◆ Source material:
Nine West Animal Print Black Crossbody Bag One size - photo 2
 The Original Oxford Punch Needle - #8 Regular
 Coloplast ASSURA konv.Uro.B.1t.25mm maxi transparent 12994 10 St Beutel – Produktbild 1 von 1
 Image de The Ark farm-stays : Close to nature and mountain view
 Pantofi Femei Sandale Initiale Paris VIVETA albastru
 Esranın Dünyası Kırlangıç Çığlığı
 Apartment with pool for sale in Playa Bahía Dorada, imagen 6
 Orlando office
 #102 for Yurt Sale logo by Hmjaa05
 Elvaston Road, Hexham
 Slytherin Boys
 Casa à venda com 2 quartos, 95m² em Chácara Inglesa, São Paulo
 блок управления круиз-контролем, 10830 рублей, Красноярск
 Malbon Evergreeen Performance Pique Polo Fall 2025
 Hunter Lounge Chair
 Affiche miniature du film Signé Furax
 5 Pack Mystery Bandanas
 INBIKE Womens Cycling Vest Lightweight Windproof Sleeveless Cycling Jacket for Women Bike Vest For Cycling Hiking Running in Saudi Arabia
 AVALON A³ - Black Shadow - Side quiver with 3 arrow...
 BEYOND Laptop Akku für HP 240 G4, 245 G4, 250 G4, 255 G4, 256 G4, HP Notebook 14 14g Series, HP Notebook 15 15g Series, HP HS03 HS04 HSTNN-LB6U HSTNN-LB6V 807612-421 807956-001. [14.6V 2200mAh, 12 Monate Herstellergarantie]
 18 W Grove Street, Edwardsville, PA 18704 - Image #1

◆ Exercise details: Please make an exact copy of the lines above from the line with "#102 for Yurt Sale logo by Hmjaa05" through the line with "5 Pack Mystery Bandanas", both ends included.

◆ Answer below:
 #102 for Yurt Sale logo by Hmjaa05
 Elvaston Road, Hexham
 Slytherin Boys
 Casa à venda com 2 quartos, 95m² em Chácara Inglesa, São Paulo
 блок управления круиз-контролем, 10830 рублей, Красноярск
 Malbon Evergreeen Performance Pique Polo Fall 2025
 Hunter Lounge Chair
 Affiche miniature du film Signé Furax
 5 Pack Mystery Bandanas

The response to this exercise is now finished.